The Confederation of British Industry (CBI) has called for greater flexibility in the workplace in order to foster economic growth, but opposes the scrapping of the retirement age.
In a new report, Making Britain the Place to Work, the UK business group highlights the importance of the UK’s flexible labour market and the key role it played in minimising job losses during the recession.
The CBI also supports making the right to request flexible retirement more effective, however, it opposes the scrapping of the default retirement age (DRA).
John Cridland, CBI deputy director-general, said: “Employers do not know how they would work with [the scrapping of the DRA].”
He explained that if the performance of staff dropped due to old age there would be a great difficulty in using capability reviews because it is almost impossible to do this with dignity for older staff.
In addition, when new rights are brought in they often benefit nine out of ten people, said Cridland. However, he pointed out for the tenth person it created an opportunity to challenge the right in court. “And litigation is not the way to deal with retirement,” he said.

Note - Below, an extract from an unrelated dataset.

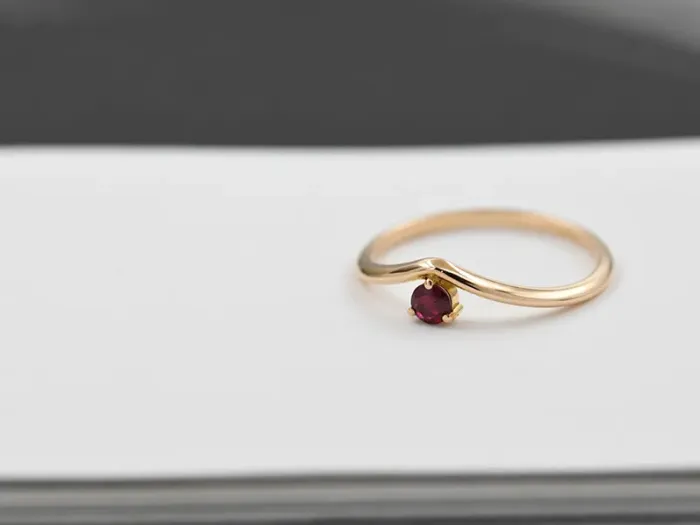 Anillo Onda de Oro Rosa y Rubí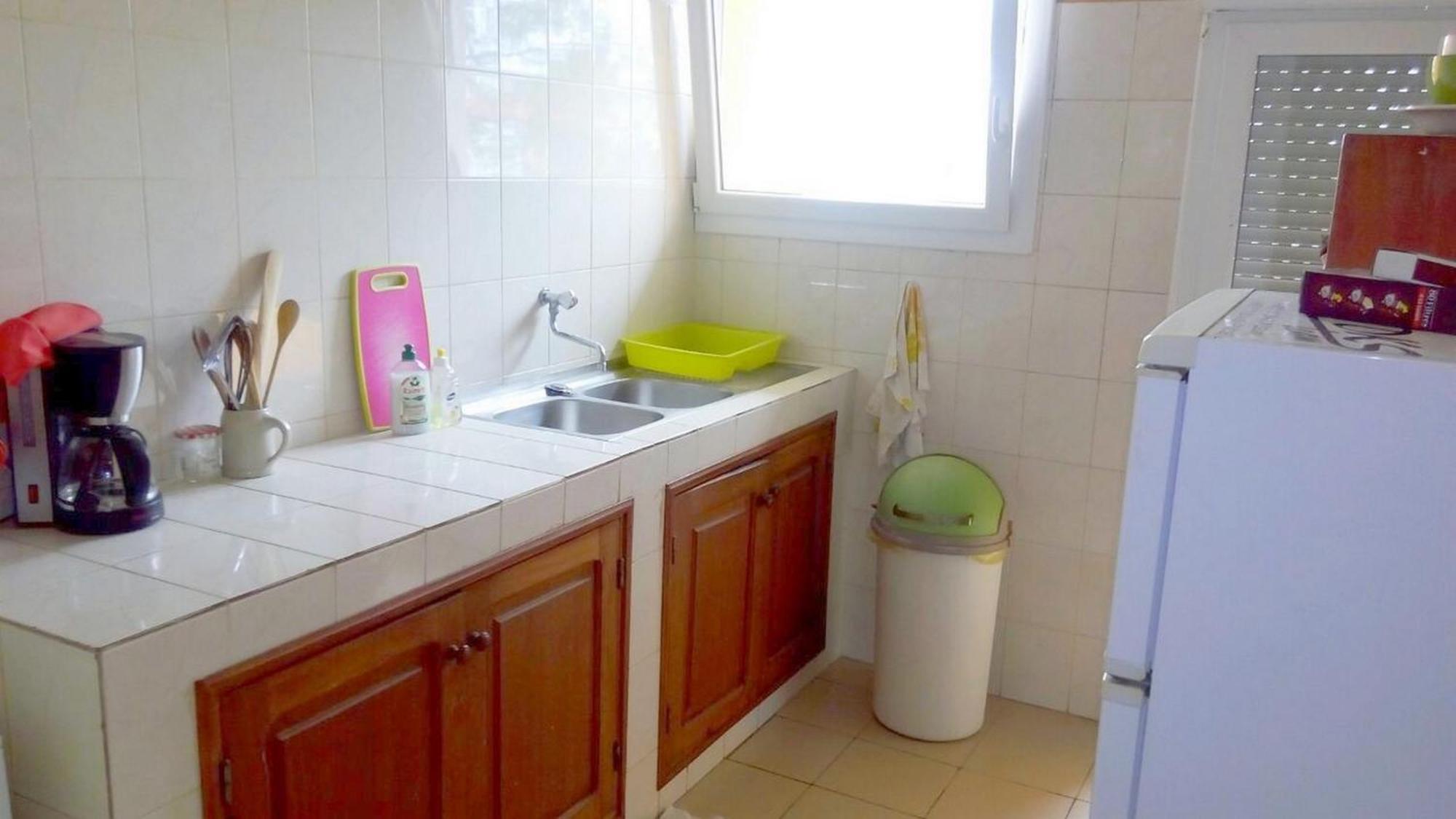 Dodoo Lodge Cotonou Quarto foto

The proposals, aimed at ensuring Britain’s labour market is best placed to sustain businesses and jobs during the recovery, include embracing more flexible working, blocking regulations that will cost jobs and changing industrial relations legislation.
Cridland said: “As we enter a period of fragile recovery, we need to do everything we can to create a jobs market that works for Britain, and to ensure Britain is the place to work.”